Posteriormente a esta reunión se realizaron diversos contactos a fin de modificar los Estatutos y proponer una nueva estructura de cargos y un nombre diferente para presentar todos los documentos nuevamente ante el Departamento Jurídico del Ministerio de Salud Pública.
Se realizó una reunión “constitutiva” de un nuevo Comité Gestor en el que se acordó el nuevo nombre de la Asociación, a saber: Asociación Cubana de Limitados Físico-Motores (ACLIFIM).
En esta reunión además de cambiar el nombre y aprobar los nuevos estatutos se reestructuraron los cargos quedando conformados de la siguiente forma:
Ida Hilda Escalona del Toro Presidenta
José Luis Silva Trujillo Vicepresidente
Angel Pla Cisneros Organizador
Josefina Loureiro Ross Económica
Gabriel Loureiro Ross Divulgación
Overlinda González Sigarroa Asuntos Sociales y Laborales
Antonio Tamarit Aldana Educación.
Cesar Augusto Valdés Deporte y Recreación
Elena G. Lavín vocal
Rayma González Vocal
Yolanda Pelaez Vocal
Esta información se puede contrastar con el documento presentado ante el MINSAP en ese año 1979.
Con nueva motivación el Comité Ejecutivo continuó su labor proselitista y de igual forma se estrecharon relaciones con el MINSAP para tratar de agilizar el proceso de oficialización.
Entre otras acciones prácticas ejecutadas se destacan:
- Creación de una filial de la Asociación en Camagúey, en el Hospital Amalia Simoni, A esa actividad asistió la cra. Ida Hilda Escalona en su carácter de Presidenta del Comité Gestor.

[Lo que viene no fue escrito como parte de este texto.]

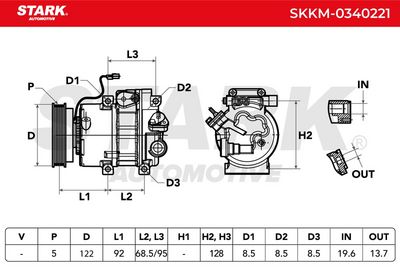 компресор, климатизация STARK SKKM-0340221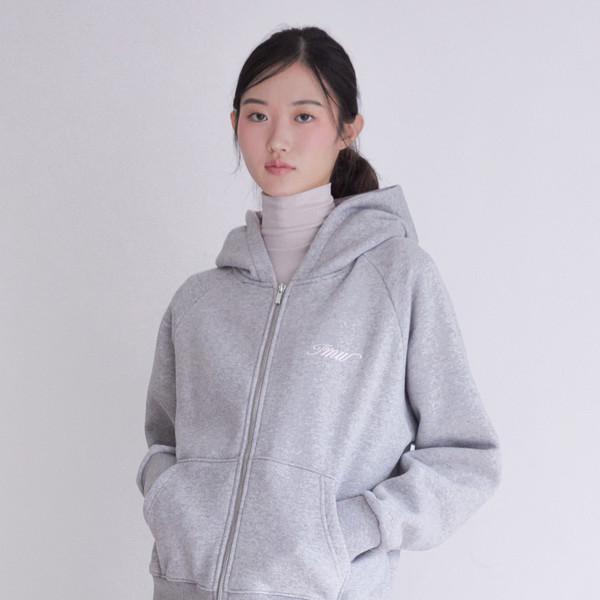 [1차 리오더] Raglan 2way Hood Zip-up(MELANGE GREY/양기모)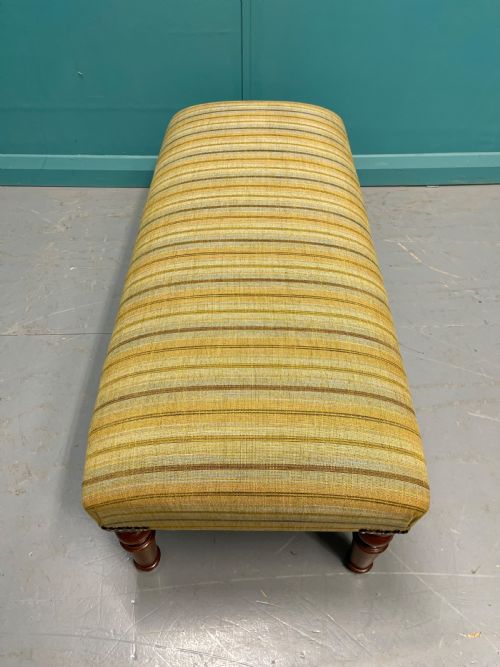 NEWLY UPHOLSTERED RETRO STRIPES OTTOMAN FOOTSTOOL - ADDITIONAL PHOTO 6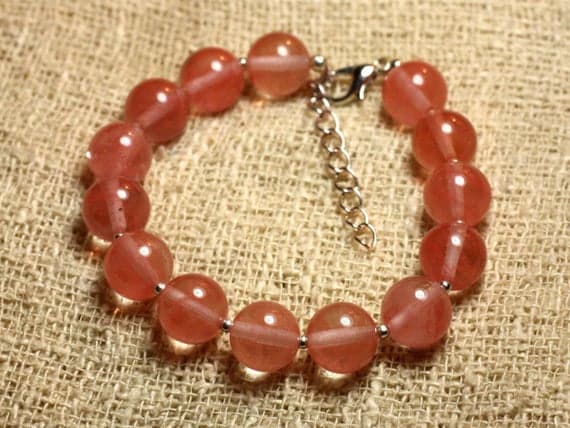 925 sterling Silver Wholesale Silver helling 10mm stacking Pink Cherry Quartz  Bracelet Round, Smooth 7.5" for mens, womens, gf, bf & Adult.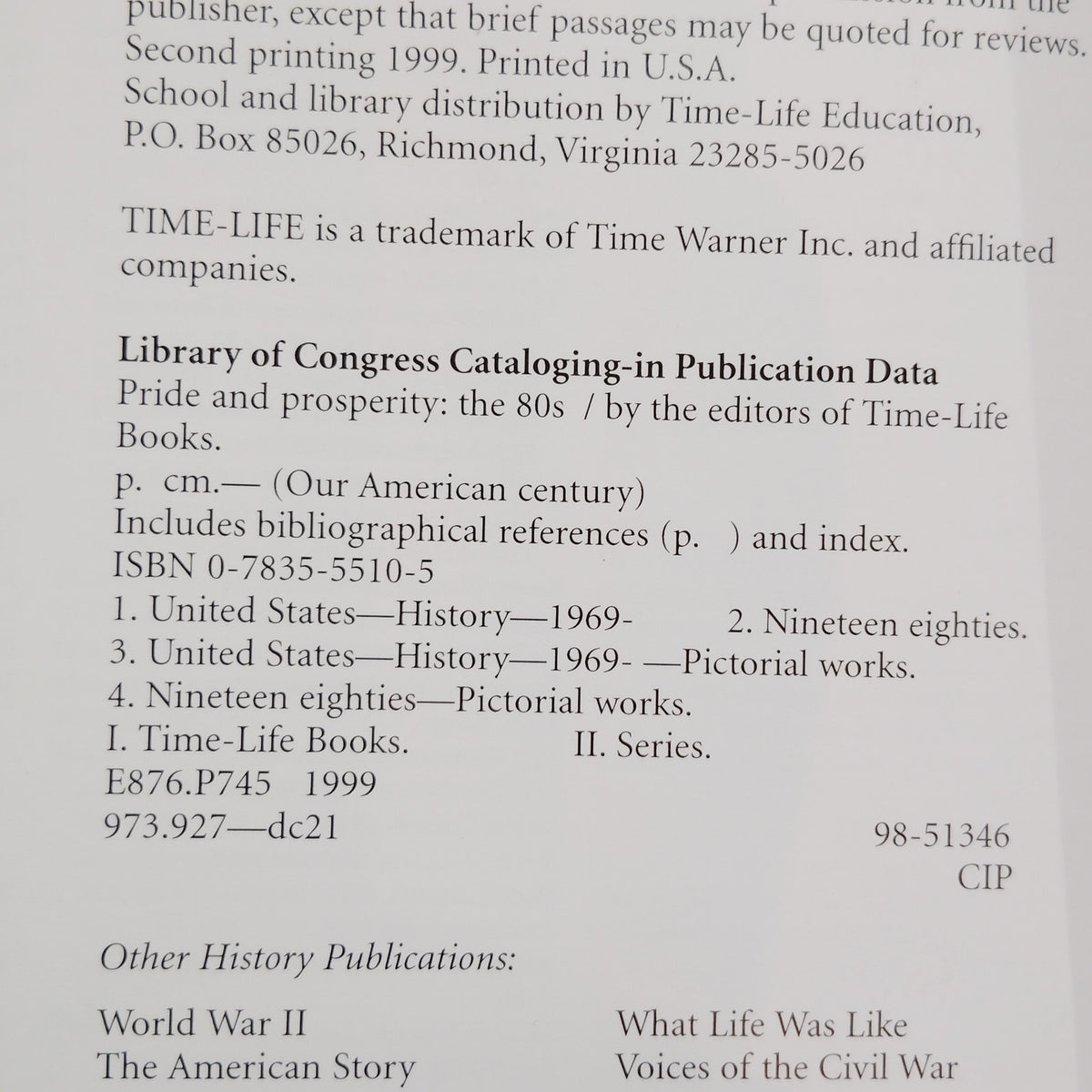 Pride and Prosperity The 80s Our American Century 1999 Time Life Hardcover, LN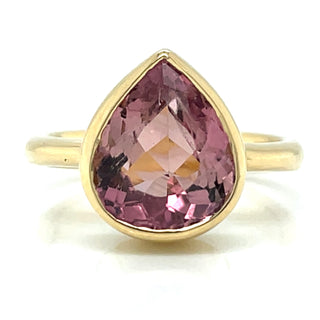 18ct Yellow Gold Earth Grown 3.50ct Pink Tourmaline Ring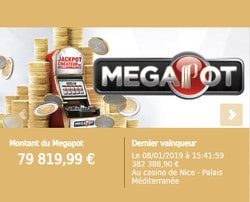 Le jackpot progressif Megapot remporté au Casino Partouche Palais Méditerranée de Nice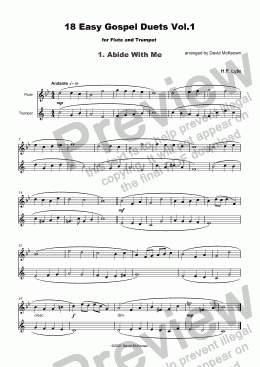 page one of 18 Easy Gospel Duets Vol.1 for Flute and Trumpet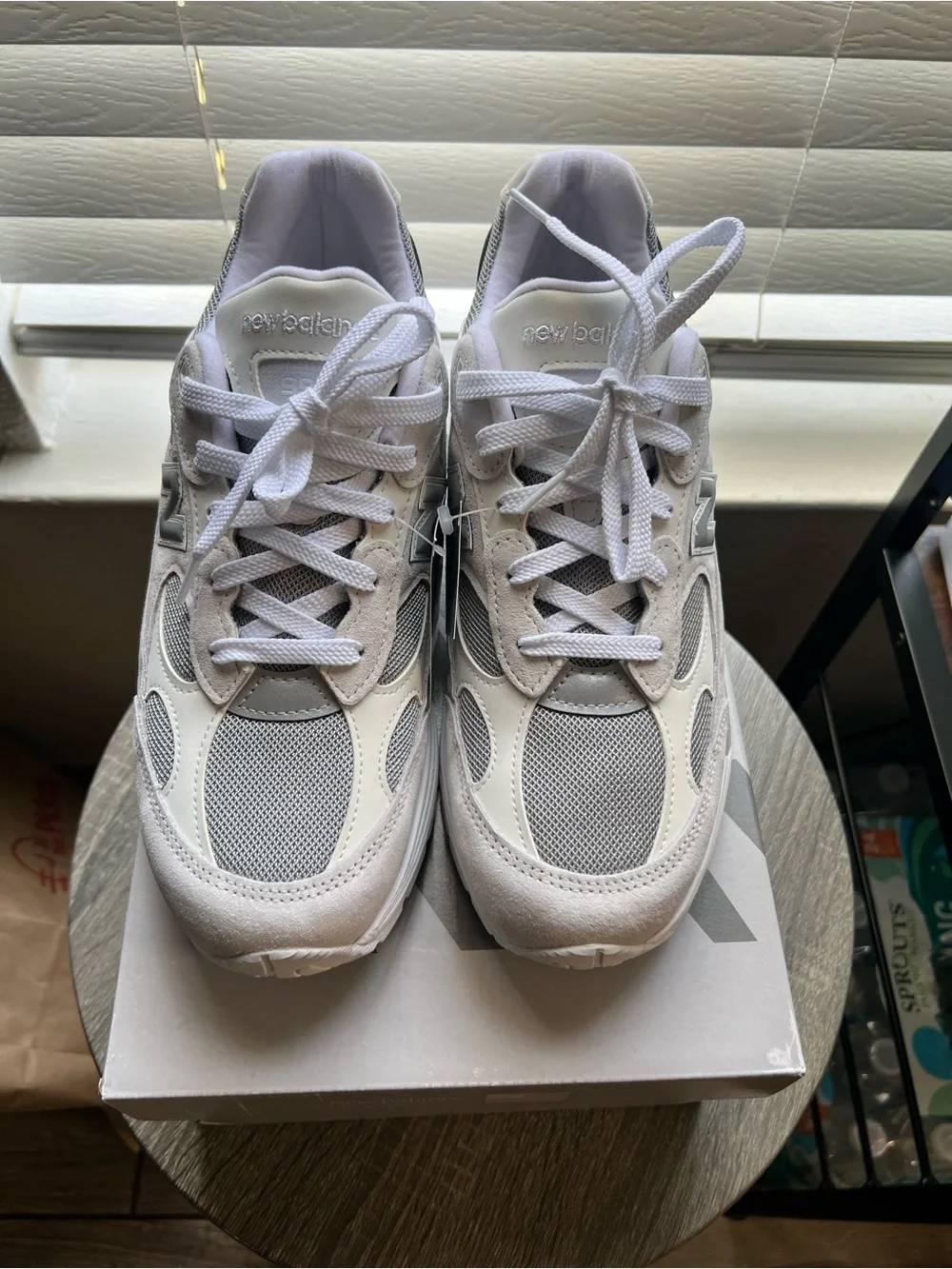 New Balance Men’s White and Light Gray Athletic Sneakers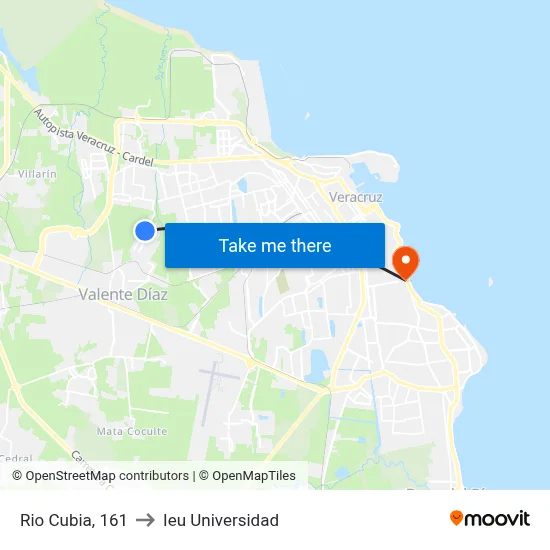 Rio Cubia, 161 to Ieu Universidad map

- Organización de dos ferias de Expo-Ventas de artículos artesanales para recaudar fondos para la Asociación: una Feria en Reina y Galiano, donde se encontraba el llamado Parque de El Curita y otra en áreas del Parque Martí. Estas Expo-Ventas se nutrieron de donaciones de Empresas locales y artículos elaborados artesanalmente por personas con discapacidad.
La idea de la formación de la Asociación se fue extendiendo por el país y mediante relaciones personales que algunos compañeros habían establecido durante su estancia en hospitales, se fueron sumando compañeros de todo el país, aunque el hecho de que la Asociación no estuviera legalmente reconocida por el Registro de Asociaciones impedía cualquier otra acción de carácter más formal.
Finalmente, el 14 de marzo de 1980, mediante la Resolución 042 del Ministerio de Justicia se reconoce la personalidad jurídica correspondiente a la Asociación Cubana de Limitados Físico-Motores (ACLIFIM).
La oficialización de la Asociación planteó nuevos desafíos al Comité Gestor pues se avizoraba la posibilidad de que se aprobara una plantilla de cargos y recibir un presupuesto del Estado para cubrir los gastos administrativos. Hasta ese momento algunos de nosotros teníamos contratos de trabajo u otras responsabilidades que implicaría su abandono y adentrarnos en una experiencia inédita para todos.
Después de análisis correspondientes y el propio interés de los involucrados, ya cursando el año 1981, Año Internacional de las Personas con Discapacidad, el MINSAP aprobó una plantilla de cargos profesionales que comenzaría a ser efectiva a partir del 1 de febrero de ese año.